Radio Ga Ga 1 – What’s new and hip in open corpus-based resources and practices

Radio Ga Ga by Queen via YouTube
Radio Ga Ga by Queen via YouTube

This is the first satellite post from the mothership post, Radio Ga Ga: corpus-based resources, you’ve yet to have your finest hour. I have also made the complete hyperlinked post (in five sections) available as a .pdf on Slideshare.

Radio 1

Original, in-house and live, this station brings us what’s new in the world of OER for corpus-based language resources.

Flipped conferencing

Kicking things off in late March with Clare Carr from Durham, we co-presented an OER for EAP corpus-based teacher and learner training cascade project at the Eurocall CMC & Teacher Education Annual Workshop in Bologna, Italy. This was very much a flipped conference whereby draft presentation papers were sent to be read in advance by participants and where the focus was on discussion rather than presentation at the physical event. Russell Stannard of Teacher Training Videos (TTV) was the keynote speaker at this conference and I have been developing some training resources for the FLAX open-source corpus collections which will be ready to go live on TTV soon. New collections in FLAX have opened up the BAWE corpus and have linked this to the BNC, a Google-derived n-gram corpus as well as Wikimedia resources, namely Wikipedia and Wiktionary. These collections in FLAX show what’s cutting edge in the developer world of open corpus-based resources for language learning and teaching.

Focusing on linked resources: which academic vocabulary list?

In a later post, I will be looking at Mark Davies’ new work with Academic Vocabulary Lists based on a 110 million-word academic sub corpus in the Corpus of Contemporary American (COCA) English – moving away from the Academic Word List (AWL) by Coxhead (2000) based on a 3.5 million-word corpus – and his innovative web tools and collections based on the COCA. Once again, Davies’ Word and Phrase project website at Brigham Young University contains a bundle of powerfully linked resources, including a collocational thesaurus which links to other leading research resources such as the on-going lexical database project at Princeton, WordNet.

The open approach to developing non-commercial learning and teaching corpus-based resources in FLAX also shows the commitment to OER at OUCS (including the Oxford Text Archive), where the BAWE and the BNC research corpora are both managed. Click on the image below to visit the BAWE collections in FLAX.

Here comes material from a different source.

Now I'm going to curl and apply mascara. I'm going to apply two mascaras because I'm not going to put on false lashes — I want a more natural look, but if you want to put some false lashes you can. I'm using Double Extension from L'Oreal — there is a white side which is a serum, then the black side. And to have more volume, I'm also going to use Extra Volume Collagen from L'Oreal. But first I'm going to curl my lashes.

BAWE case study text from the Life Sciences collection in FLAX with Wikipedia resources

Open eBooks for language learning and teaching

Learning Through Sharing: Open Resources, Open Practices, Open Communication, was the theme of the EuroCALL conference and to follow things up the organisers have released a call for OER in languages for the creation of an open eBook on the same theme. The book will be “a collection of case studies providing practical suggestions for the incorporation of Open Educational Resources (OER) and Practices (OEP), and Open Communication principles to the language classroom and to the initial and continuing development of language teachers.” This open-access e-Book, aimed at practitioners in secondary and tertiary education, will be freely available for download. If you’re interested in submitting a proposal to contribute to this electronic volume, please send in a case study proposal (maximum 500 words) by 15 October 2012 to the co-editors of the publication, Ana Beaven (University of Bologna, Italy), Anna Comas-Quinn (Open University, UK) and Barbara Sawhill (Oberlin College, USA).

MOOC on Open Translation tools and practices

Another learning event which I’ve just picked up from EuroCALL is a pilot Massive Open Online Course in open translation practices being run from the British Open University from 15th October to 7 December 2012 (8 weeks), with the accompanying course website opening on Oct 10th 2012. Visit the “Get involved” tab on the following site: “Open translation practices rely on crowd sourcing, and are used for translating open resources such as TED talks and Wikipedia articles, and also in global blogging and citizen media projects such as Global Voices. There are many tools to support Open Translation practices, from Google translation tools to online dictionaries like Wordreference, or translation workflow tools like Transifex.” Some of these tools and practices will be explored in the OT12 MOOC.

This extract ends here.